Step 2: Allocate three chunks Use the next command (n) to step past the three malloc calls. Now, let's inspect the chunks on the heap.
gef➤ heap chunks
You will see three allocated chunks of size (32 bytes, because our request for 30 bytes is rounded up to the nearest alignment boundary plus metadata) and the ever-present Top Chunk.
Step 3: Free the chunks and inspect the tcache Step past the three free calls. Where did the memory go? Let's check the bins.
gef➤ heap bins tcache
The output will be stunningly clear:
[ TCACHE (per-thread cache) ]
Tcachebins[idx=0, size=0x20] count=3 ← Chunk(addr=0x...) ← Chunk(addr=0x...) ← Chunk(addr=0x...)
Our three freed chunks are now sitting in the tcache for the size class, ready for immediate reuse. Notice the order: c was freed last, so it's at the head of the list.
Step 4: Re-allocate and prove reuse Now, step over the next two malloc calls for d and e. Let's check the final addresses printed by the program. The output will show that d was allocated at c's old address, and e was allocated at b's old address.

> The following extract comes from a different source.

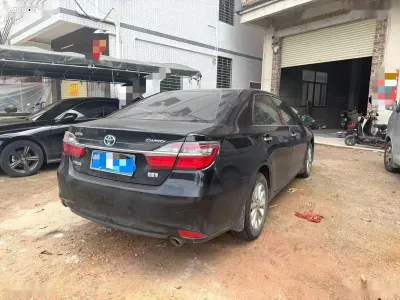 Toyota Camry, 2015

This works exactly as expected. The call to malloc(30) for d was served instantly from the head of the tcache. This is the LIFO behavior of the tcache in action—no kernel interaction, no locking, just raw speed.

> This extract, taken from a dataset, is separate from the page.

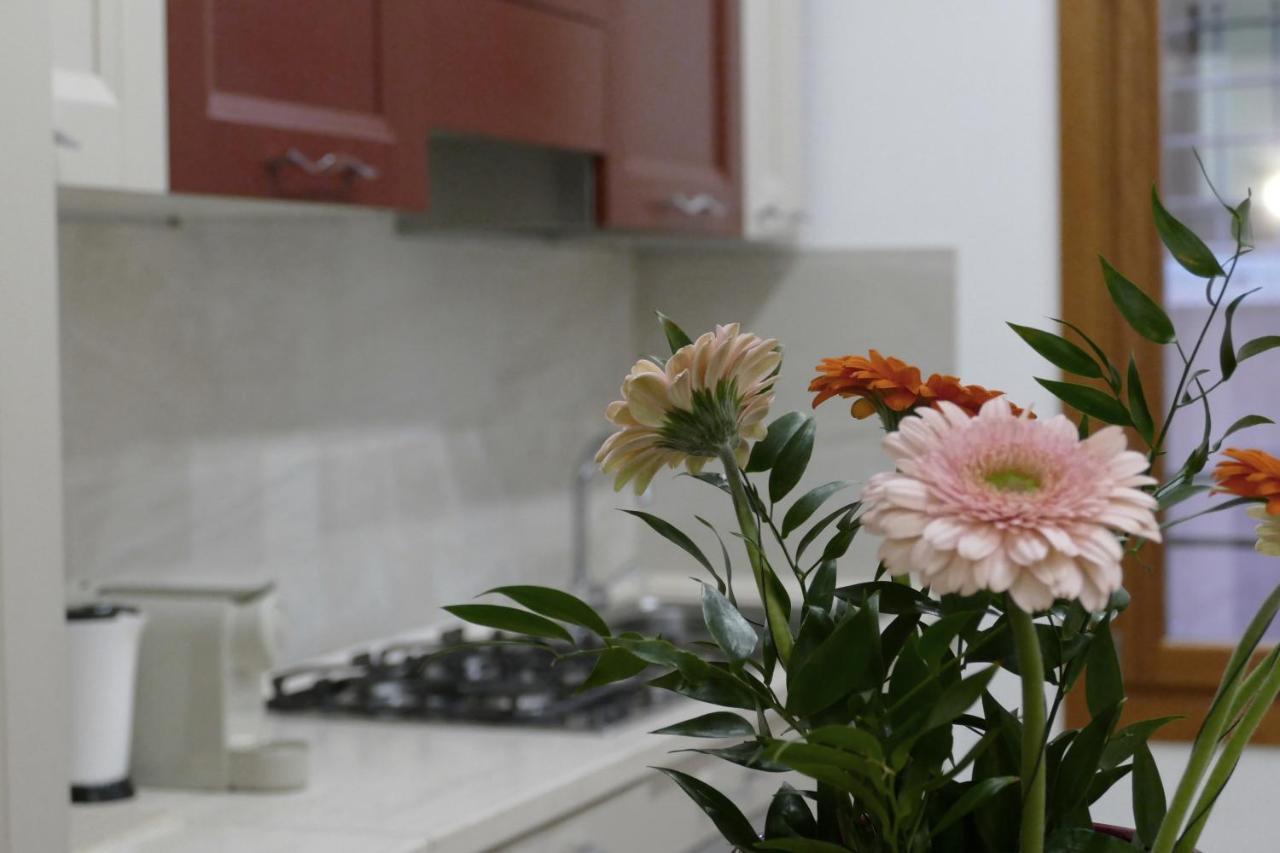 Ecco Suites Apartments Венеция Экстерьер фото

Conclusion From a simple function call emerges a sophisticated system of arenas, heaps, chunks, and bins, all working in concert to manage memory safely and efficiently. We've seen how ptmalloc2 prioritizes speed, especially in multi-threaded contexts with thread-local caches, while also providing robust strategies for managing fragmentation with its various bins.
Understanding this system isn't just trivia. It's the foundation for writing better, faster, and more secure code. The next time you see a memory-related bug, a performance bottleneck, or a security vulnerability, you'll have a much deeper appreciation for the complex dance happening just beneath the surface of that simple call to malloc.